The Briefing 06-20-14

The Briefing 06-20-14

The Briefing

 

June 20, 2014

This is a rush transcript. This copy may not be in its final form and may be updated.

 

It’s Friday, June 20, 2014. I’m Albert Mohler and this is The Briefing, a daily analysis of news and events from a Christian worldview.

 

1) PC(USA) affirms same-sex marriage, repudiating Scripture as membership declines

The big news in the Christian world took place yesterday in the city of Detroit where the Presbyterian Church USA decided to allow gay weddings within the church. As Lauren Markoe of Religion News Service reports, it makes it among the largest Christian denominations in the United States to take an embracing step toward same-sex marriage. The vote was decidedly lopsided: 76% to 24%. One of the reasons for that is of incredible interest. The main reason is that so many conservatives left. Over the last several years, there’s been a virtual exodus from the PCUSA, a denomination that was formed by the merger of southern and northern Presbyterian denominations in the 1980s, with the headquarters relocated to Louisville, Kentucky. But the denomination has been hemorrhaging members for the better part of the last three decades and that exodus of members has continued for the third straight year. It’s not only members, but congregations. The number of dismissed congregations increased in the past year, having been twenty-one in 2011, 110 in  2012, and 148 in 2013. In other words, approximately 300 churches have left the PCUSA just in the last three years. According to data compiled by the PCUSA’s Office of the General Assembly, by the end of 2013, membership was about 1.76 million—that’s compared to 1.84 million by the end of 2012. As the Presbyterian Church USA General Assembly met in Detroit, just about everyone knew that the issue would be central to the denomination’s agenda, and as the question loomed, some of the convention, according to Niraj Warikoo of the Detroit Free Press, were very concerned that it would affect the perception of Presbyterian missionaries in more conservative parts of the world where the church works, such as in the Middle East. According to this report, there are 315 Presbyterian churches in Egypt alone. Conservative Presbyterians said they were concerned that approving same-sex marriages would further accelerate decline in the Presbyterian Church. Once again, it has seen a 37% decrease in membership since 1992, and that’s a drop of more than one million members. Going back to 1992, it had 2.78 million members. Now just 1.76 million, but the denomination forecasts further mentorship losses in this year.

 

Lauren Markoe’s report for Religion News Service described the debate as both emotional and polite.

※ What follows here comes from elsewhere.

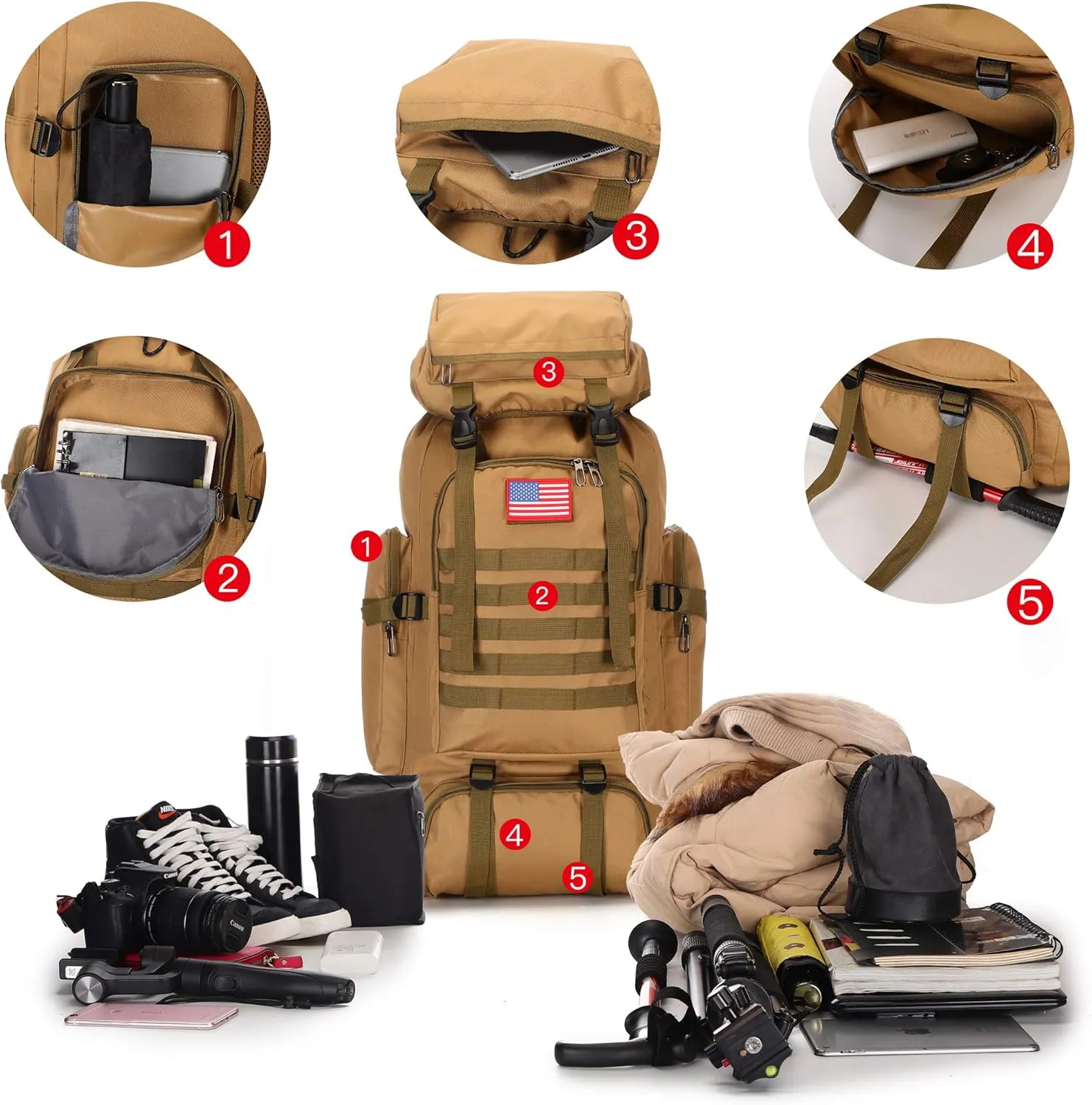 70l Hiking Backpack for Men Waterproof Military Camping Rucksack Travel Daypack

She said it was a “debate in which opponents of the motion said it conflicted with Scripture and would cause Presbyterian churches abroad to break relations with the PCUSA.” The new rule is very clear. Presbyterian ministers in states where same-sex marriage is legal—the count on that is now nineteen states—are now authorized to offer same-sex weddings. But no minister in the denomination is by this change compelled to participate in a same-sex wedding, but, as most observers have already indicated, the pastors who are least likely to perform same-sex marriages are the ones who are most likely already to have left the denomination.

 

According to media reports, the debate at the PCUSA General Assembly was not only emotional and polite; it also followed the same kind of logic and rhetoric that we’ve heard in so many debates like this before. For instance, Nathan Sobers, identified as a ruling elder with the Presbyterian Church in Seattle—he’s also identified as being married to a man he’s been with for 27 years—said, “The gospel is about fairness. Jesus, moreover, never said a word about loving same-sex couples. His message was about love, about celebrating God’s love for everybody, and not just for those who are like me, but for everybody.” That statement has everything going for it except the clear text of the New Testament. Nothing in the New Testament is more clear than when Jesus stated that God’s intention for marriage from the beginning is that it would be one man and one woman for a lifetime.

 

Responding to the decision, the conservative Presbyterian Lay Committee’s Board of Directors said:

 

In the name of 1.8 million Presbyterians nationwide, the General Assembly has committed an express repudiation of the Bible, the mutually agreed upon Confessions of the PCUSA, thousands of years of faithfulness to God’s clear commands and the denominational ordination vows of each concurring commissioner. This is an abomination.

 

That’s a very strong word, but it certainly is an appropriate word, and here you have the Presbyterian Lay Committee making very clear exactly what the PCUSA’s General Assembly has done. They have, to go back to this statement, repudiated the Scripture. They have repudiated the confessions of the church. They have turned their back on thousands of years of faithful Christian witness, and they have also violated the ordination vows of every commissioner that was there present at the General Assembly. Thus, they’re absolutely right: this is an abomination.

 

Perhaps more than anything else, this development helps to establish the clear divide now not only in American culture, but also in what is called American Christianity. That very clear divide puts on one side those who stand with 2,000 years of Christian witness and on the very clear statements of Scripture, and, on the other side, those who stand with the moral revolution of the era; stand with the culture and it’s now very increasingly absolute moral standards—moral standards that call for and demand the legalization of same-sex marriage and the celebration of same-sex behaviors and relationships.

 

Interestingly, on the very day before the PCUSA’s General Assembly took this decisive action, the Pew Research Center came out with a report entitled “Where Christian Churches and Other Religions Stand on Gay Marriage.” The interesting thing about the listing in this report from the Pew Research Center is the fact that still, on this date in 2014, the vast majority of Christians and Christian churches, not only around the world, but even in the United States, are still clearly and firmly opposed to same-sex marriage. The Pew Research Center divides the churches and religions into four different categories. On the left, those that sanction same-sex marriage. Included there is the movement known as Conservative Judaism, the Reformed Jewish Movement, the Society of Friends (otherwise known as Quakers), the Unitarian Universalist Association of Churches, the United Church of Christ, and the Evangelical Lutheran Church (that’s the ELCA, the more liberal mainline Lutheran denomination). The next category is denominations that sanction blessing at same-sex unions and there are only two Christian denominations listed: the Episcopal Church and, as of yesterday, the Presbyterian Church USA.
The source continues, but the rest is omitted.